Comparison, TLG BC and AD

By: | Post date: 2010-02-01 | Comments: 6 Comments
Posted in categories: Ancient Greek, Linguistics
Tags: , , , ,

In the previous post, I used Wordle to illustrate stop words in Greek (and, by the by, the exponential distribution of function words following Zipf’s Law). After getting rid of a whole bunch of stop words, I ended up with a Wordle of the lemmata of the TLG:

But I stopped short of making sense of the Wordle, because the TLG contains both Ancient and Mediaeval texts, and they talk about different things. I promised Wordles of the texts in the TLG from BC and AD, which will give at least a rough sense of the difference.

So here they are:


Images created by the Wordle.net web application are licensed under a Creative Commons Attribution 3.0 United States License.

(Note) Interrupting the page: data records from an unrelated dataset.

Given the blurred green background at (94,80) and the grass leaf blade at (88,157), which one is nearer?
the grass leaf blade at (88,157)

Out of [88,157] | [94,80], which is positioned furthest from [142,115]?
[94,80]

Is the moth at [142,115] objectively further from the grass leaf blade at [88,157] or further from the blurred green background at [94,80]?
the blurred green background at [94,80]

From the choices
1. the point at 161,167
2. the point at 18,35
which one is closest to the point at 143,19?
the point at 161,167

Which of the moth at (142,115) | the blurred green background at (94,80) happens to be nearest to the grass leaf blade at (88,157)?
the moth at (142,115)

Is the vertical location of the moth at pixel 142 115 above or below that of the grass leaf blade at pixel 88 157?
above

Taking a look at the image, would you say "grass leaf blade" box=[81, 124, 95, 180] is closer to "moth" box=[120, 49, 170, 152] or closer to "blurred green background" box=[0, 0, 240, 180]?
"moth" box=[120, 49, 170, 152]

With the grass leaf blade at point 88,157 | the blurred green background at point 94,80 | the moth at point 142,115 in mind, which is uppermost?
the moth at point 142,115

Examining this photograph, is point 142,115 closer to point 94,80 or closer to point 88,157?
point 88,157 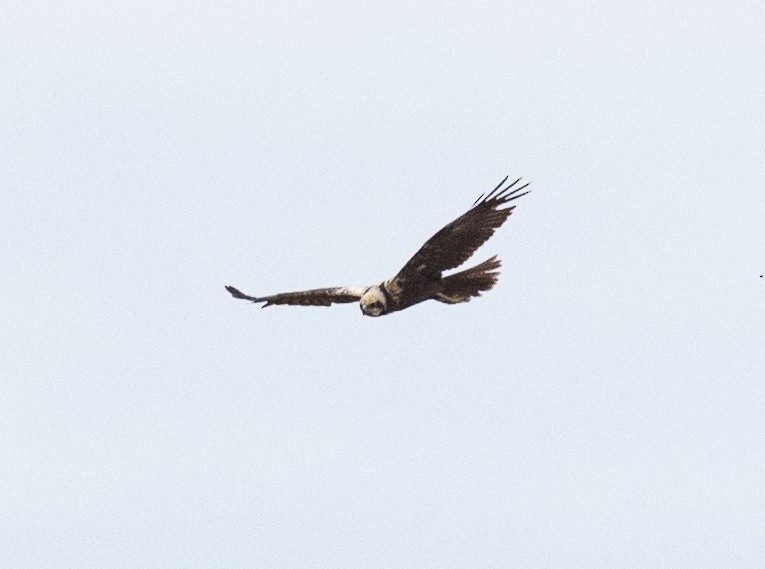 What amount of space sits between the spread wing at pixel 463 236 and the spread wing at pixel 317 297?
1.42 meters

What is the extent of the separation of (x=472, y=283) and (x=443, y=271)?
2.89 ft

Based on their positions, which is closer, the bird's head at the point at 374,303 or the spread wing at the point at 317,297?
the bird's head at the point at 374,303

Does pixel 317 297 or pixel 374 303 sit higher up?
pixel 317 297

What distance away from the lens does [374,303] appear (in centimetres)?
2020

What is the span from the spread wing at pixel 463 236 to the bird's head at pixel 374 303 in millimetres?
422

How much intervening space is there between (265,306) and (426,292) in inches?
120

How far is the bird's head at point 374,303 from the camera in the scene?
20.2 meters

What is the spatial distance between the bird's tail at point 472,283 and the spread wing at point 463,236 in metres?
0.93

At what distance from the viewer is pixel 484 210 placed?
19.6 meters

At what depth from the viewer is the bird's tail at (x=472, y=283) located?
20984 millimetres

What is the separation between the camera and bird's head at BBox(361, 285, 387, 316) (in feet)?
66.3

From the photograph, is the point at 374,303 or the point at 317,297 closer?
the point at 374,303

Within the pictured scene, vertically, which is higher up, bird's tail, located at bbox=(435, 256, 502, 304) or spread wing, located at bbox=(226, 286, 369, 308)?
spread wing, located at bbox=(226, 286, 369, 308)

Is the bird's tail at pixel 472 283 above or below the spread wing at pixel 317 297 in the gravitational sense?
below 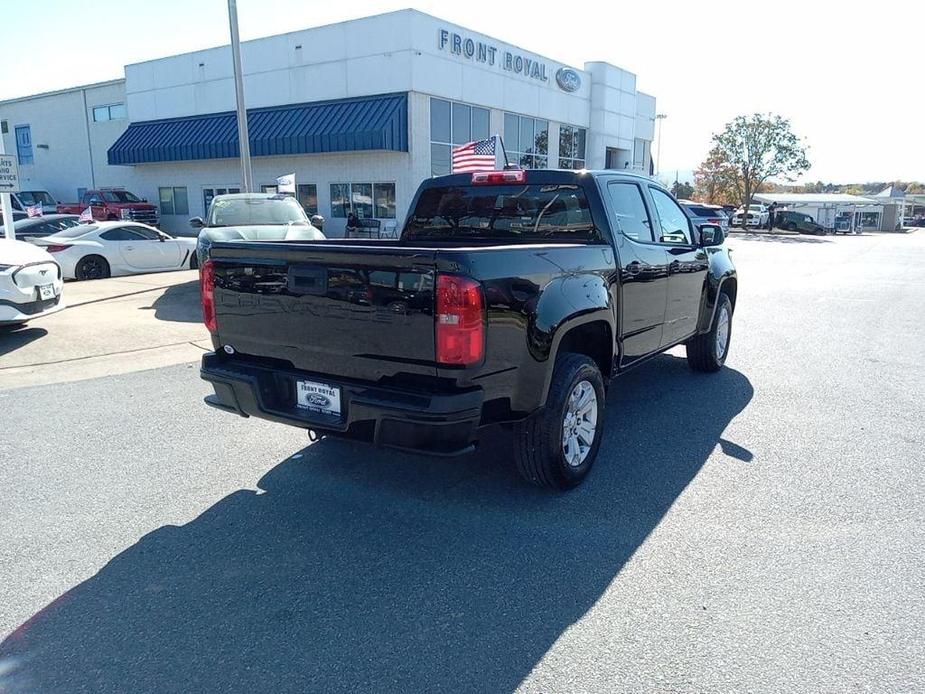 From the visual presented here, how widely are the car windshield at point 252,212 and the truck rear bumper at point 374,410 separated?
28.5ft

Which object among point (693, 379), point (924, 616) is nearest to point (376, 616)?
point (924, 616)

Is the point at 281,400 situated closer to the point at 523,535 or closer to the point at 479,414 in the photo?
the point at 479,414

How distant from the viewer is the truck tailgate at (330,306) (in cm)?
327

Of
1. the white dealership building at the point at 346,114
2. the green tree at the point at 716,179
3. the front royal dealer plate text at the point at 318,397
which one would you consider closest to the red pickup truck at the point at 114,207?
the white dealership building at the point at 346,114

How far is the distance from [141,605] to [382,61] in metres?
24.3

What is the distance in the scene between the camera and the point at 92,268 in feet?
45.2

The Wordle images are hyperlinked to the Wordle applets hosted there, so you can play with the applets by eliminating words. The stopwords are as before, but I also got rid of πολύς “much”, which was crowding the BC texts a bit much.

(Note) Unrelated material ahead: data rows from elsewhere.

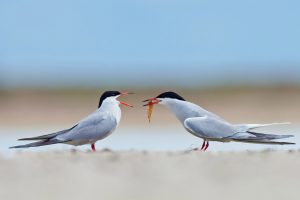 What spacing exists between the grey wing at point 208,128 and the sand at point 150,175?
714mm

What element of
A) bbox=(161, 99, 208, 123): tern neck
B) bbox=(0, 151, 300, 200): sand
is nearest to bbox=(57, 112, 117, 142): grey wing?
bbox=(161, 99, 208, 123): tern neck

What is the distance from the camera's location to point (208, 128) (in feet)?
35.5

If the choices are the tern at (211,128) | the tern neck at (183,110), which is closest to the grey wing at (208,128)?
the tern at (211,128)

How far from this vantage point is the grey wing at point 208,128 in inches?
425

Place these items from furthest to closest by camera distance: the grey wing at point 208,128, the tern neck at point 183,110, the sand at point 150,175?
the tern neck at point 183,110
the grey wing at point 208,128
the sand at point 150,175

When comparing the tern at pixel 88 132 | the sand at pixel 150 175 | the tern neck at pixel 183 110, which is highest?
Answer: the tern neck at pixel 183 110

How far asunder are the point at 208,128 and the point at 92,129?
111 cm

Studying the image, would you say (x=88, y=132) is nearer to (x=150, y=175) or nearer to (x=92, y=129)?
(x=92, y=129)

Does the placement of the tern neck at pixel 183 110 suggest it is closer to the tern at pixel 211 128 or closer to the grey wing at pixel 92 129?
the tern at pixel 211 128

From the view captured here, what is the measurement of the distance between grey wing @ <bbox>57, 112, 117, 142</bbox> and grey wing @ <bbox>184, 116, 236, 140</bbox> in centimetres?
75

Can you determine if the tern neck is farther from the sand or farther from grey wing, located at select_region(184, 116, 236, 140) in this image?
the sand

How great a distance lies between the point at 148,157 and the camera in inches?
385

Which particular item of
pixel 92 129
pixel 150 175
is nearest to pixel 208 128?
pixel 92 129

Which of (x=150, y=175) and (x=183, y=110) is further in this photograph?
(x=183, y=110) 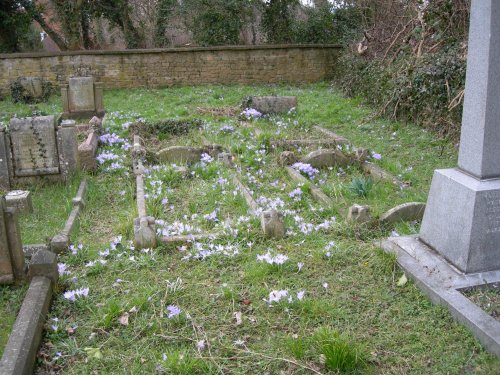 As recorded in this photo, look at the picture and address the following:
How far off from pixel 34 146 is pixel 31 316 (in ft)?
12.0

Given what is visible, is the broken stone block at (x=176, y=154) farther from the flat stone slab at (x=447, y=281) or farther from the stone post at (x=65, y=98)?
the stone post at (x=65, y=98)

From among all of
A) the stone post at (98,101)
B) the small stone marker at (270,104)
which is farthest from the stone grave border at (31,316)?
the stone post at (98,101)

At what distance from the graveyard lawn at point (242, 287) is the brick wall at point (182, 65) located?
1006cm

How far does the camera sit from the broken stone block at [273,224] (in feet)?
14.6

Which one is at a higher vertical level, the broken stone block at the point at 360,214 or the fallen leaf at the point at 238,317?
the broken stone block at the point at 360,214

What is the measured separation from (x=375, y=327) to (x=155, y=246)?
2.00m

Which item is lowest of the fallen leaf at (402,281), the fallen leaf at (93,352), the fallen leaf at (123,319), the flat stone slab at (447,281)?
the fallen leaf at (93,352)

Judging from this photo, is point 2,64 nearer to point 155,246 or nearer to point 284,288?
point 155,246

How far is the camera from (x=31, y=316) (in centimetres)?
313

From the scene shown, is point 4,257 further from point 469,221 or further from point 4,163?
point 469,221

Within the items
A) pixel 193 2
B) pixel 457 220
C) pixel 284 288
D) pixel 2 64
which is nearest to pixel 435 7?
pixel 457 220

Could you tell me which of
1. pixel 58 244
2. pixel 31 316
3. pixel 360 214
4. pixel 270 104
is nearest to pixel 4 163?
pixel 58 244

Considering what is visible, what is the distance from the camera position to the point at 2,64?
1524 cm

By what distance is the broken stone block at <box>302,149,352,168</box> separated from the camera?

A few things jump out quickly: there’s a lot more God AD, as you’d expect (θεός), slightly more talk of “people” than of “men” (ἄνθρωπος, ἀνήρ), less talk of the City and more talk of power (πόλις, δύναμις).

But I’m not really a visual person, so I’m going to use more quantitative ways of working out the changes in vocabulary.

To begin with, the two Wordles show the 150 most frequent lemmata for each period, not counting stop words. These are the differences between the two—words in the top 150 of one period, but not the other.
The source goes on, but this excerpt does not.